[erlang-questions] Getting attributes

Steve Davis

unread,

Oct 13, 2012, 7:23:54 PM10/13/12

to Erlang-Questions Questions

Hi all,

Suppose I have a 2 dimensional plane {x, y} of 64k by 64k coordinates.

Each coordinate has a mutable attribute {{x, y}, attribute}

If I need to query: What are the attributes of positions "next to" my position, i.e: x +- 1, y +- 1?

What is the correct solution to this without storing everything in "Oracle" and using relational queries?

Can this be sensibly maintained in a KV store?

/s
_______________________________________________
erlang-questions mailing list
erlang-q...@erlang.org
http://erlang.org/mailman/listinfo/erlang-questions

Steve Davis

unread,

Oct 13, 2012, 7:38:32 PM10/13/12

to Erlang-Questions Questions

I understated the issue:

The position of the entity can also change:
{id, {x,y}, attribute}

So, in fact, the id is the only constant and the pos and attribute are independently mutable.

Mike Oxford

unread,

Oct 13, 2012, 9:52:17 PM10/13/12

to Steve Davis, Erlang-Questions Questions

Sure; you have two ways of doing this.

1) Key = {x,y} and just make queries for each surrounding node to get the attributes. This requires more read calls.

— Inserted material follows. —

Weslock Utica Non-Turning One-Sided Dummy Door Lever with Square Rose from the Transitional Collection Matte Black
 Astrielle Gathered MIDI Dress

2) Key = {x,y} and you COPY all of the data from the surrounding nodes into it. This requires only 1 read call, but much more work on the write-side as things move around.

On a heavy-write system, #2 will spend a lot of time blocked as everything is updating everything around it when it moves (from cluster + to cluster.)

#1 takes more reads which are relatively cheap.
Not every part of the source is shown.